At this point, the student’s professor interrupts the group and assigns a minimum of three plot summaries for the next week. He explains the importance of a pithy, high concept summary. One of the students asks him about sequels. “They almost never work out as well as the originals,” he replies.
Class breaks up and the students drift out to their cars. Fade out.
Ironspider - Nice (confusing) story. In a bit of a volte-face, if you ever watch Mel Brooks' 'History of the World Part One' there's a series of clips at the end as a trailer for 'Part Two', which he never intended to make... But I do enjoy the idea of a story within a story; especially about stories (or films) which don't actually exist. You start the screenplay, I'll try and scare-up some funding...

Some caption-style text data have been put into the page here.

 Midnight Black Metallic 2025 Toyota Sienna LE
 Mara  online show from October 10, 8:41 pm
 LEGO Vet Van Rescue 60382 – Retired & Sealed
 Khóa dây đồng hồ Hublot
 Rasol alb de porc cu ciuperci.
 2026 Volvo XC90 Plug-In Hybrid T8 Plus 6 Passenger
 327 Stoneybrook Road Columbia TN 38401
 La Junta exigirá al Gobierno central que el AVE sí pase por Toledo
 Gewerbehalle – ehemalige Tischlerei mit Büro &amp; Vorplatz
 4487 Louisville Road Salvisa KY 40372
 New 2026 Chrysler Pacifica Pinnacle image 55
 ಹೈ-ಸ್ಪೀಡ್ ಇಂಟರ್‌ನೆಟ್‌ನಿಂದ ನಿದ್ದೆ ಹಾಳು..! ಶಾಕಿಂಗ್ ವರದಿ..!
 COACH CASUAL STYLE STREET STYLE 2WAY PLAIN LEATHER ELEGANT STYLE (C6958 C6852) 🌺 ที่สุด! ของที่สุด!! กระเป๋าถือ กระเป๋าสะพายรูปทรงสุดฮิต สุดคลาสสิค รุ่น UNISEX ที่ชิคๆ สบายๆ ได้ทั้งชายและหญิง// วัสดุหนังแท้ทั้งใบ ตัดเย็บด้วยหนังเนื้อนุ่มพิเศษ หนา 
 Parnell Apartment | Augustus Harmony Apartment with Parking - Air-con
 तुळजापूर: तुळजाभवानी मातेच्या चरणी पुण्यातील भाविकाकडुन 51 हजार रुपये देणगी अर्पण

micheledutcher - This is a fun scene within a scene, within a scene. Sequels are so big this summer that a flash about sequels (without the first movie) seems appropriate. I like the part about making the trailer but not the movie. I watch trailers on youtube all the time - they hit all the high points without the boring details. Movie trailers are the flash stories of the movie world. I don't watch sequels, however, just on principle alone. Hand me something original or nothing at all.